■ Brief:
Give again only the lines from the line that holds "Building Photo - Beautifully" to the end of the data, inclusive, omitting all pictures.

■ Data shown:
• • • •
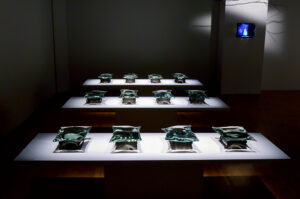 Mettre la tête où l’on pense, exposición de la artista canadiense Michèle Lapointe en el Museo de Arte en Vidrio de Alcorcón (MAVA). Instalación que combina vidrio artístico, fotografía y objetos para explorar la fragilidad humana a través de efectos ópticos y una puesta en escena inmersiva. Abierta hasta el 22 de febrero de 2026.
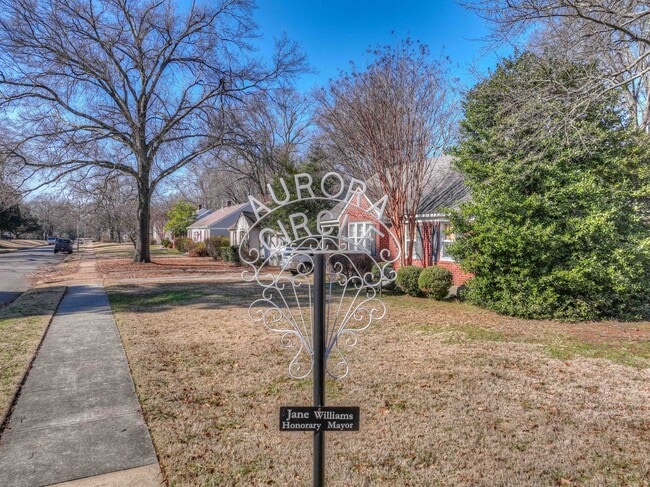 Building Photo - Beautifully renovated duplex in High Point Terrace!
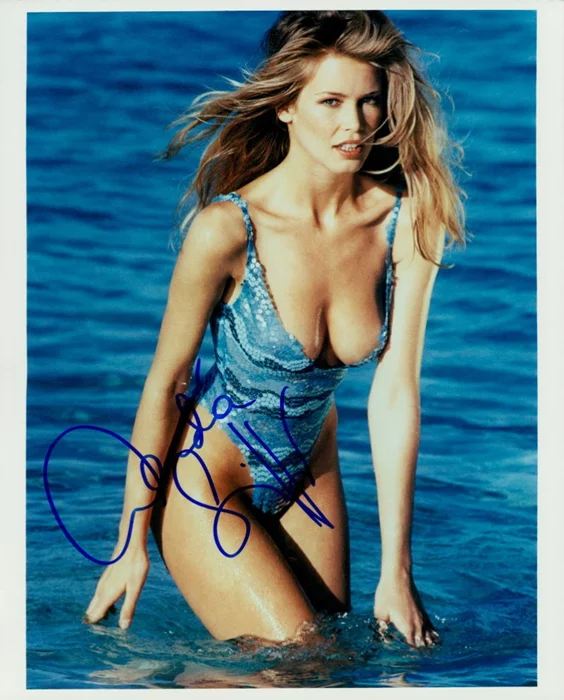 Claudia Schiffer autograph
• • • •
■ Completed exercise:
 Building Photo - Beautifully renovated duplex in High Point Terrace!
 Claudia Schiffer autograph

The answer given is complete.